アポル・デトロイヤー少尉はシガ人で、100人の特別コマンドを率いている。総勢100名である。ここ重要。
■252p
ハヤカワ版:
部隊は四人ひと組で、同数のプラズマ容器を携行することにした。デトロイヤーが先頭に立ち、地下深くに通じるパイプを降りはじめる。原文:
Daran mußte Detroyer denken, als er mit einer Gruppe von vier Mann und ebenso vielen Plasmabehältern einen senkrecht in die Teife führenden Belüftungsschaft hinunterschwebte.
試訳:
それぞれがプラズマ容器を携えた部下四名のグループといっしょに地下深くへ通じる空調シャフトを降下しながら、デトロイヤーはそのことを思いかえさずにはいられなかった。
#前の段落のワリンジャーによる解説は、実は過去完了形。「ワリンジャー教授は~と説明したものである。」くらいが適当かと。レクチャーが終わって作戦はすでにはじまっている。
■254p
ハヤカワ版:
四名ひと組で二十グループにわかれた部隊は、こうしたセクションをたどって、問題のプラズマ容器に到達することになっていた。かなりの遠まわりになるが、この際しかたない。原文:
So kam es, daß sich Detroyers Einsatzgruppe, in zwanzig Gruppen unterteilt, auf Umwegen zu dem Zentralplasma durchschlagen müßte, das Nathens Bio-Gehirn darstellte.
試訳:
したがって、二十のグループにわかれたデトロイヤーの部隊は、ネーサンの生体脳である中央プラズマまでかなりの迂回路をたどらなければならないということ。
#前の段落も、「エネルギー供給を絶たれたセクションを優先的に利用することになっている。病んだプラズマがコントロールしている場所はなるべく避けたい。」である。

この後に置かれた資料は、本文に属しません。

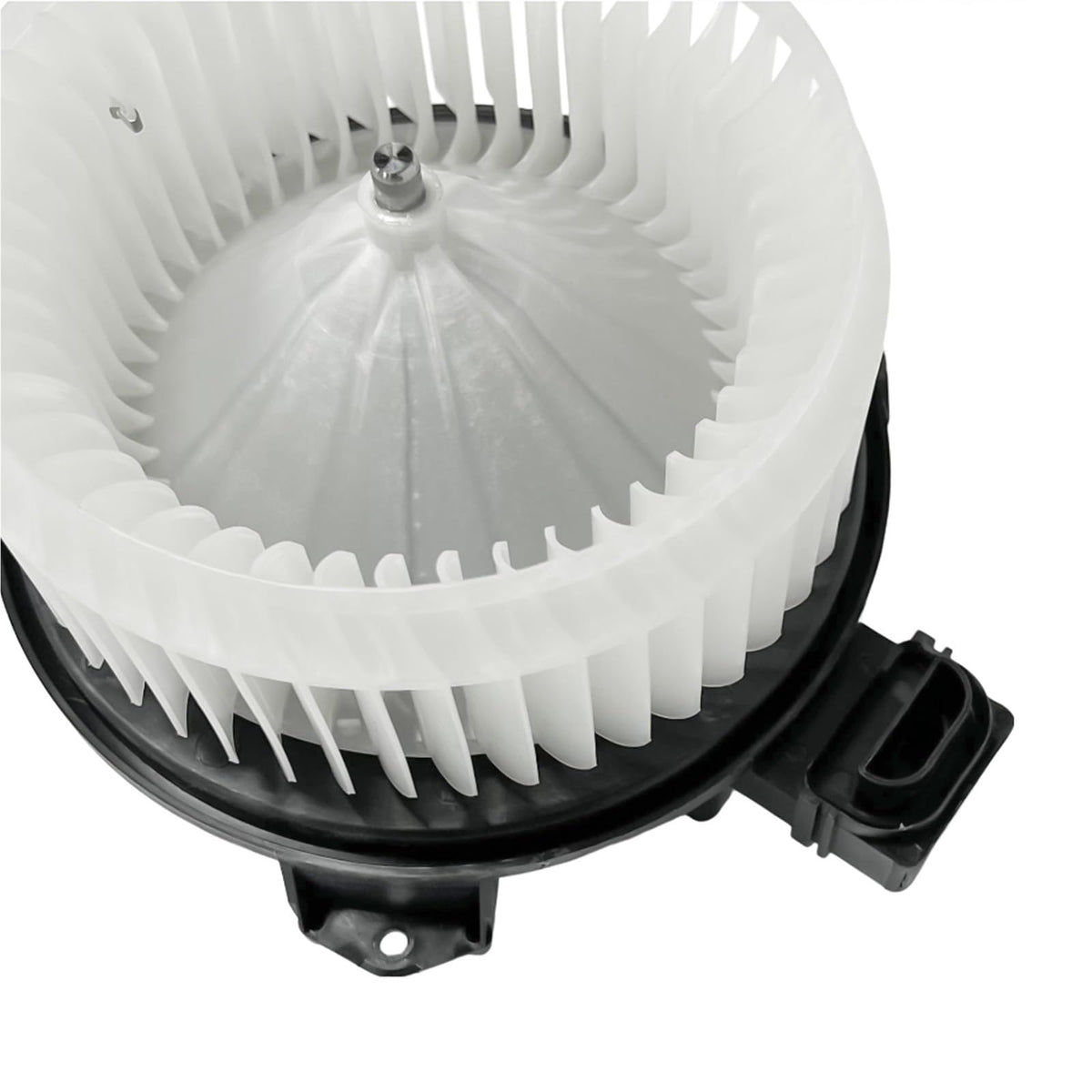 Air Conditioning A/C Heat Blower Motor Fan SK700203 7103-35100 87103-60330 5191345AA 68048903AA 25770668 7L4Z198 158064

#ところで、「四人ひと組」という原語はないわけだが、デトロイヤーたちは何名で行動していただろう?
■255p
ハヤカワ版:
部隊はさらにパイプ網を進み、ようやく目標に到達した。先頭は三グループ、十二名からなる。原文:
Detroyer legte Kilometer um Kilometer im Röhrensystem zurück – dann war er endlich am Ziel. Drei Einsatzgruppen von zusammen fünfzehn Mann waren schon vor ihm eingetroffen.
試訳:
デトロイヤーは通風管内を一キロまた一キロとこなし――ようやく目標に到達した。すでに三グループ、総勢十五名が先着していた。
#最初にまちがえた数字にこだわって、「15人」と明記されているのに3名どこかへやってしまったわけだ。
#余談だが、次の段落は、先着した3グループがすでに仕事にとりかかっていた様子を描写している。これも過去完了形の文章。
冒頭で「100人の特別コマンド」と描写されている。100人を20で割れば、1グループあたり5名のはず。4×20=80で、20名の消息が不明なのを、伏線とでも解釈したのだろうか。少なくとも「3グループ15名」と出てきたあたりで、過去をふりかえってみれば答えはわかりそうなものである。
……お願いだから、数と格と時制くらいは、ちゃんと訳しておくんなまし。
以下、余録。
■260p
ハヤカワ版:
全太陽系人類がローダンの計画に賛成するまで、もう長くはかからないだろう。実際、過激派政党の反政府プロパガンダはすっかり下火になっていた。原文:
Noch waren lange nicht alle mit seine Fluchtplänen einverstanden; ja, die Opposition forcierte ihre Hetzkampagne gegen ihn mehr als je zuvor.
試訳:
皆がかれの逃走計画に賛同してくれたなどとは、まだとうてい言えない。実際、野党の反政府キャンペーンの勢いはかつてないほどだ。
#次の段落、原文は aber ではじまる。反対は根強いけれど……である。接続詞まで読めないとは、思いたくないのだが?